>>>

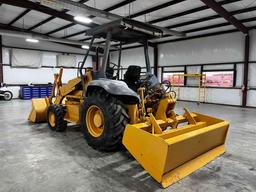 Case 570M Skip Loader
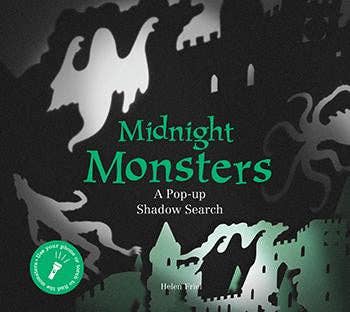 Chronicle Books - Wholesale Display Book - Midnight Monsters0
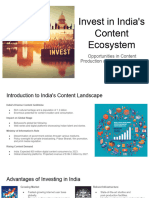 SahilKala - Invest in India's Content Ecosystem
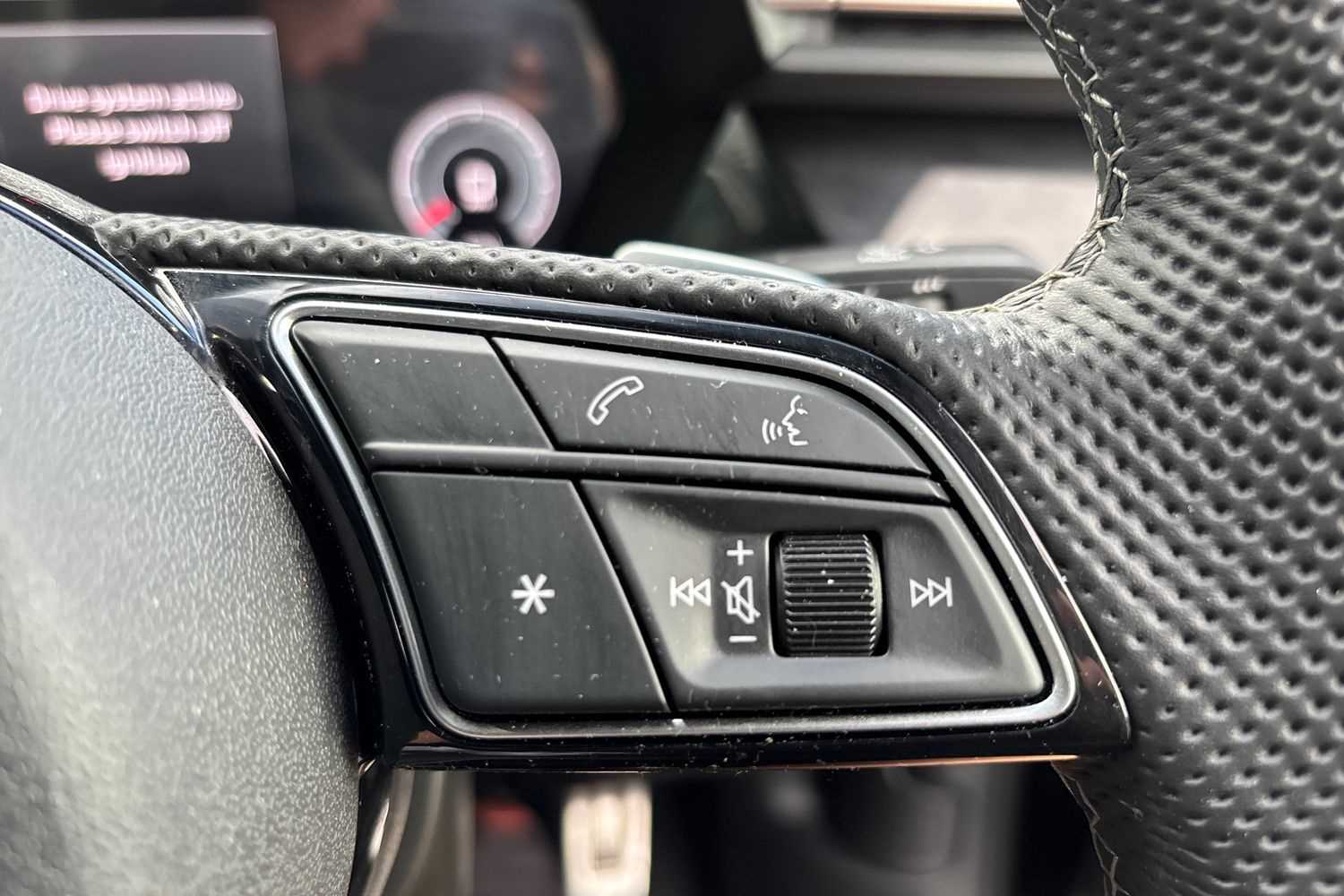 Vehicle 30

<<<
>>>

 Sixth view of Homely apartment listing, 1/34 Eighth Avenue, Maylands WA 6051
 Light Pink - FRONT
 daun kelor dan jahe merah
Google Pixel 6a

<<<

From the records above, retype only the lines starting at the line that contains "Sixth view of" and ending at the line that contains "Google Pixel 6a", both included.

 Sixth view of Homely apartment listing, 1/34 Eighth Avenue, Maylands WA 6051
 Light Pink - FRONT
 daun kelor dan jahe merah
Google Pixel 6a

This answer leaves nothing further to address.